A Vulkan call, such as vkCreateInstance, will go thru vulkan-loader, which will resolve which driver to send it to. Specifically vkCreateInstance will send it to multiple drivers, it's a bit complicated since in most setups, there's usually multiple drivers, and each might have multiple devices. A VkPhysicalDevice/VkDevice have a driver associated with it internally so that gets dispatched properly thru the trampoline, though you are "supposed" to use vkGetDeviceProcAddr to get the correct function pointer that will directly get dispatched to the correct driver, and in fact the trampoline in vulkan-loader does not implement some extensions, for those you will have to use the respective ProcAddr. It's called a "trampoline" because all it does is look into its dispatch tables and proxy the call to the correct driver. If you list the symbols (readelf -s --wide) on libvulkan.so, you will see

That they have functions present there. So, for example vkCreateInstance is defined in loader/trampoline.c. Additionally, there's lots of docs for the ABI that explains how these functions behave (docs/ subdir) The loader will read the ICD config files (the paths can be overriden with env vars, etc), to find which drivers are available, and try to initialize them using the driver ABI. Eg. if we take the ICD file for anv (on my system it lives at /usr/share/vulkan/icd.d/intel_icd.x86_64.json

{
    "ICD": {
        "api_version": "1.4.318",
        "library_arch": "64",
        "library_path": "/usr/lib/libvulkan_intel.so"
    },
    "file_format_version": "1.0.1"
}

This specifies information about the driver, including a path to the .so file that is the actual driver. This manifest is also documented (see LoaderDriverInterface.md#driver-manifest-file-format) Now, the actual symbols for the driver are not present in the symbol table (as they are communicated using the vulkan-loader ABI), but the debug info includes them, so something as simple as launching the test app with GDB works fine. Usually, the driver functions will just be a driver-specific prefix (such as anv_ for anv), then the function name, so, anv_AllocateMemory for eg. More information about how this stuff works is available at this blog post: https://www.collabora.com/news-and-blog/blog/2022/03/23/how-to-write-vulkan-driver-in-2022/

Now, the Vulkan driver will create device-specific command streams, compile shaders into device-specific machine code, and dispatch jobs to the kernel with kmd-specific ioctls.
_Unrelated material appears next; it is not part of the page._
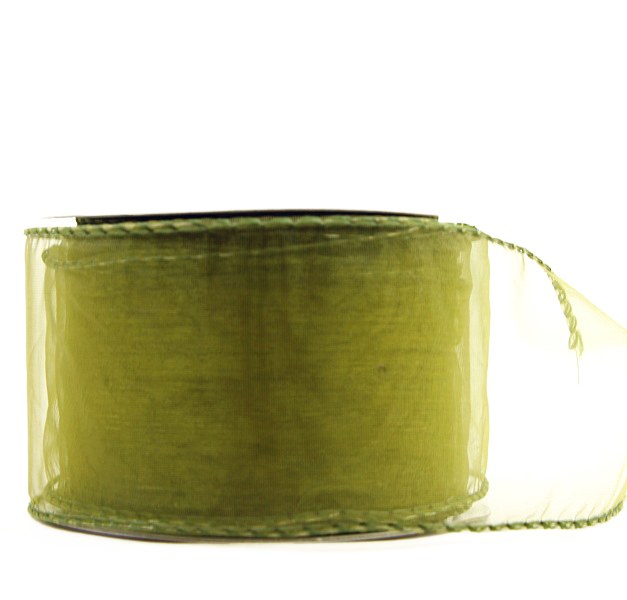 Picture of Wired edge green organza ribbon, 2.5in x 10yards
The kernel includes a generic interface for managing GPU buffers called "GEM" (Graphics Execution Manager). The drivers implement driver-specific ioctls for most things for operating with a GEM, such as allocating it (I915_GEM_CREATE_EXT on i915), mapping it (I915_GEM_MMAP_OFFSET on i915). These GEMs, which are scoped to a process as incremental IDs, can be converted to and fro a dmabuf with two ioctls (DRM_IOCTL_PRIME_FD_TO_HANDLE, DRM_IOCTL_PRIME_HANDLE_TO_FD). Most of this is somewhat described in the kernel's source comments, some high-level stuff is in Documentation/ as .rst files which are rendered online as kernel docs.

The kmd is responsible for initializing the hardware, if there's a display controller component, binding it to Kernel Mode Settings (KMS), taking care of memory management, and of actually dispatching jobs by talking to the device. Most modern GPUs have a hardware scheduler (GuC on Intel).

The actual graphics device communicates with the KMD thru MMIO exposed as a PCIe BAR + IRQs for certain events (on x86 - on other platforms, there's DT entries, plus usually the display controller and GPU are separate devices from separate vendors, oftentimes the DC is off-die from the SoC...)

Usually, the VRAM will be exposed a PCIe BAR (this is why ReBAR and whatnot is useful, it's how they get around the PCIe BAR size limit).

For example, my DG2 (Alchemist) Arc A770:

Memory at 81000000 (64-bit, non-prefetchable) [size=16M]
Memory at 6000000000 (64-bit, prefetchable) [size=16G]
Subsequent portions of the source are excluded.